Walmart’s America
Woman in the old van
next to where I park
breastfeeds in the driver’s seat.
Toddler squirms behind her.
I think bad thoughts about the person
in a handicapped spot
who appears completely able.
He opens the back door, lifts out a stroller,
then his severely disabled son.
Inside the store, a big man
in a plaid flannel shirt
buys all the rolls of gauze on the shelf,
his arm completely wrapped in makeshift bandages,
dried blood on his hand.
Old man with a cane checks out,
two twelve-packs of Diet Coke® in his cart.
Nothing else.
My American Past
All the TV moms wore aprons,
sometimes even jewelry
while they cooked the family dinner.
Walter Cronkite brought the news,
no embellishments or hype.
We wore skirts in high school
unless it was “Hobo Day”
when we could pay a quarter
for the privilege of wearing pants.
Until Roe v.
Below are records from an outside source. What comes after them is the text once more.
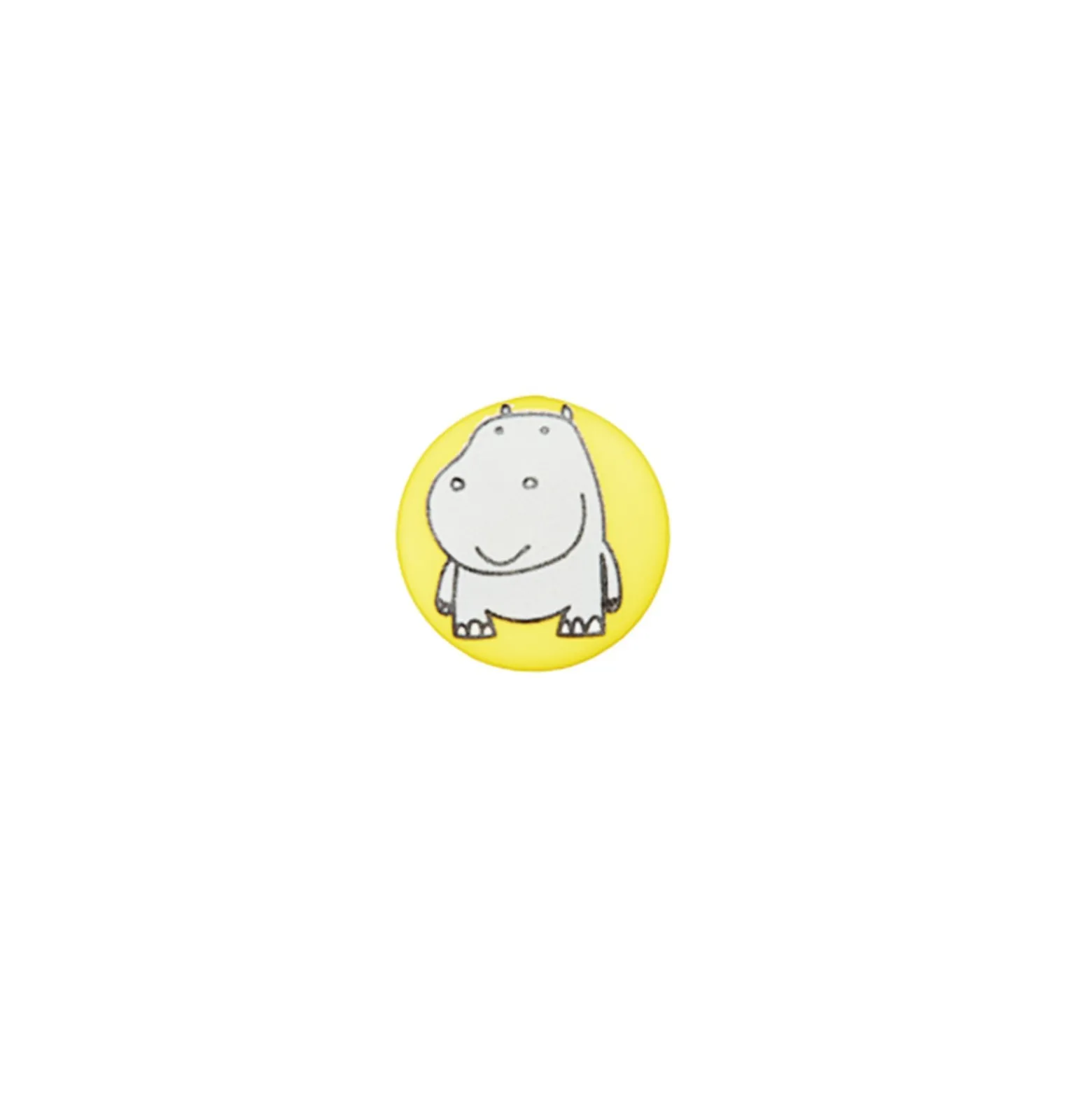 Bouton polyester Petit hippo- jaune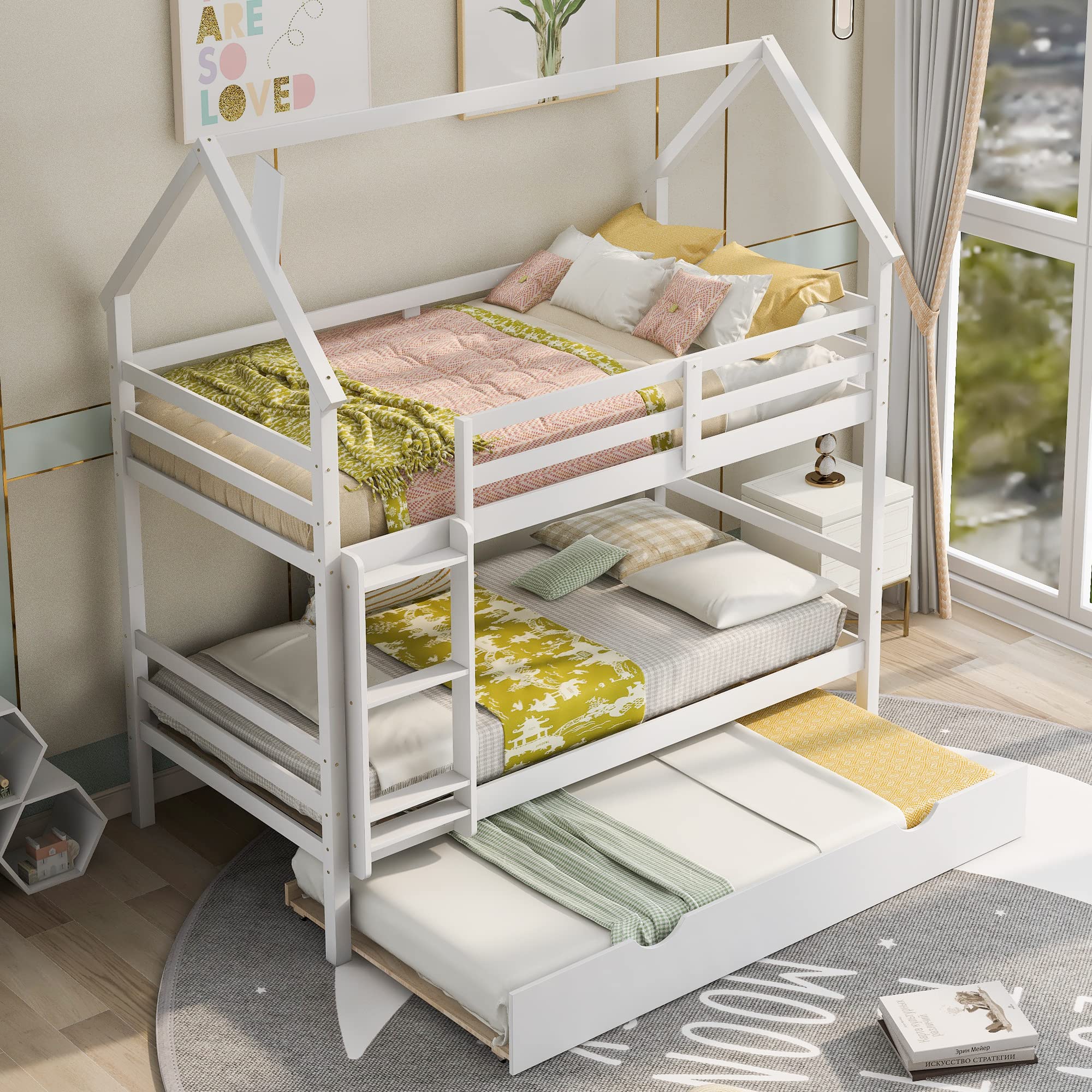 Twin Over Twin Wooden Bunk Bed with 2 Drawers & Chimney Design - Space-Saving Kids Bunk Bed Frame for Boys & Girls (White) - Perfect for Small Bedrooms, Shared Kids Rooms & Sleepovers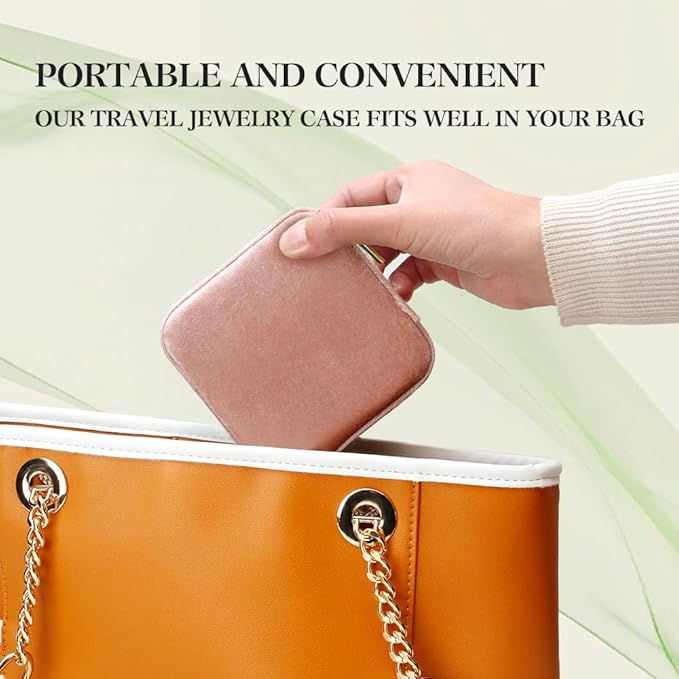 TAIMY Travel Jewelry Case, Small Plush Velvet Travel Jewelry organizer - Image 6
Wade girls would leave
and not come back.
My husband grew up in Florida,
remembers segregation,
Black men addressed as “boy,”
people called “colored” or worse.
From a Miami hotel window
I watched migrant workers
wait on a street corner
in early dawn,
lunch sacks in hand.
A pickup stopped,
they all climbed in
on their way to work in fields
so the rest of us could buy
fresh produce in the stores.
I’m a boomer, born after the war,
but I studied how our country built
internment camps for its enemies.
Things change.
Some better, some worse.
Jan Chronister observes the changing natural and political climates from northern Wisconsin and southern Georgia. Poetry provides a welcome outlet for her thoughts. Jan also runs a small press and publishes the works of fellow regional poets.